I’m on the plane back to NYC from what was my fifth SXSW. I hadn’t been for a couple of years and it was good (and a little weird) to be back. Some thoughts, in rough chronological order:
Best panels I attended: tie between Jason Fried’s How to Make Big Things Happen with Small Teams and Malcolm Gladwell’s keynote. Having read Blink and seen him speak on it twice before, there was nothing much new in Malcolm’s talk, but he’s a fantastic speaker…knows his shit cold, didn’t utter a single “um” or “like”, could make the phone book seem interesting, but doesn’t have to caper about the stage to be compelling.
Everyone was nice. Well, there was that one guy who was an asshole, but I think everyone pretty much ignored him.
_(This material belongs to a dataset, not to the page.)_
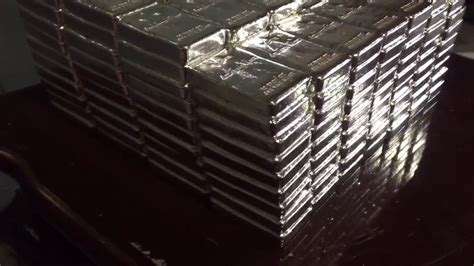 3000 oz of silver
But everyone else, so nice to get to meet you or see you again.
Overheard in the hallway: “no woman who knows that much about CSS should be that good looking”, “here’s how I met Marc Canter for the first time: I’m standing outside at a conference, he comes up beside me and farts”, “I have no idea who you are”, “surf the glue”, “no one will get naked in the hot tub with me”, and “Imagine Malcolm Gladwell…with breasts. That’s how busy it will be.”
My two panels sandwiched the keynote conversation between Bruce Sterling and Alex Steffen, so I was only able to catch about 20 minutes of it. But that was long enough to hear Bruce talking about smoking his shoes. LOL for reals.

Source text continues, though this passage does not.